This guide combines an overview of Sparkling with a quick tutorial that helps you to get started with it. It should take about 20 minutes to read and study the provided code examples. This guide covers:
There is a companion project to this getting started guide. Just use this as a staring point to explore Sparkling, because it contains a ready-made project.clj for Leiningen. There’s no need to install Apache Spark, or even to run a cluster of any kind. Just get going on your notebook.
Clone that repo by executing
git clone https://github.com/gorillalabs/sparkling-getting-started.git cd sparkling-getting-started
in your shell.
Start up your REPL (in your favourite tool), you should see something like this (after downloading required dependencies):
$ lein do clean, repl Compiling tf-idf.core nREPL server started ... REPL-y 0.3.1 Clojure 1.6.0 Docs: (doc function-name-here) (find-doc "part-of-name-here") Source: (source function-name-here) Javadoc: (javadoc java-object-or-class-here) Exit: Control+D or (exit) or (quit) Results: Stored in vars *1, *2, *3, an exception in *e sparkling.example.tfidf=>
Require the sparkling namespaces you will need for this guide.
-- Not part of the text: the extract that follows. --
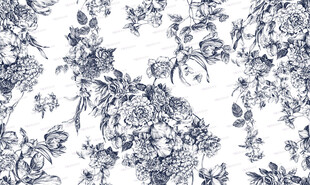 蓝白花卉图案纹理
The first step is to create a Spark configuration object, SparkConf, which contains information about your application. This is used to construct a SparkContext object which tells Spark how to access a cluster.
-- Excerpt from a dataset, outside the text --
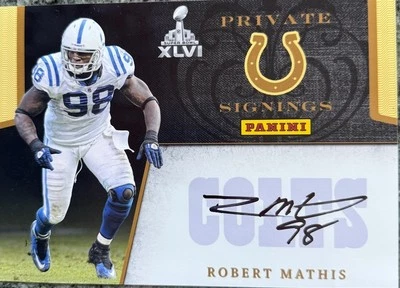 Foto firmada automáticamente de Robert Mathis Panini firmada por 5”X7” del Super Bowl 1966 Foto 1 de 2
Here we create a SparkConf object with the string
local to run in local mode:
local master provides you with a standalone system, where you do not need to install other software besides your Clojure environment (like JDK, lein, etc.) So it’s great for in-REPL-development, and unit testing.
The main abstraction Spark provides is a resilient distributed dataset, RDD, which is a fault-tolerant collection of elements partitioned across the nodes of the cluster that can be operated on in parallel. There are two ways to create RDDs: parallelizing / parallelizing-pairs an existing collection in your driver program, or referencing a dataset in an external storage system, such as a shared filesystem, HDFS, HBase, or any data source offering a Hadoop InputFormat, or even JDBC.
RDDs basically come in two flavors. Plain RDDs simply hold a collection of arbitrary objects. PairRDDs provide a key-value-collection, but unlike a Map it can contain multiple instances of a single key. Internally, PairRDDs are constructed as collections of Scala Tuple2 objects, but Sparkling provides clojuresque ways to access these.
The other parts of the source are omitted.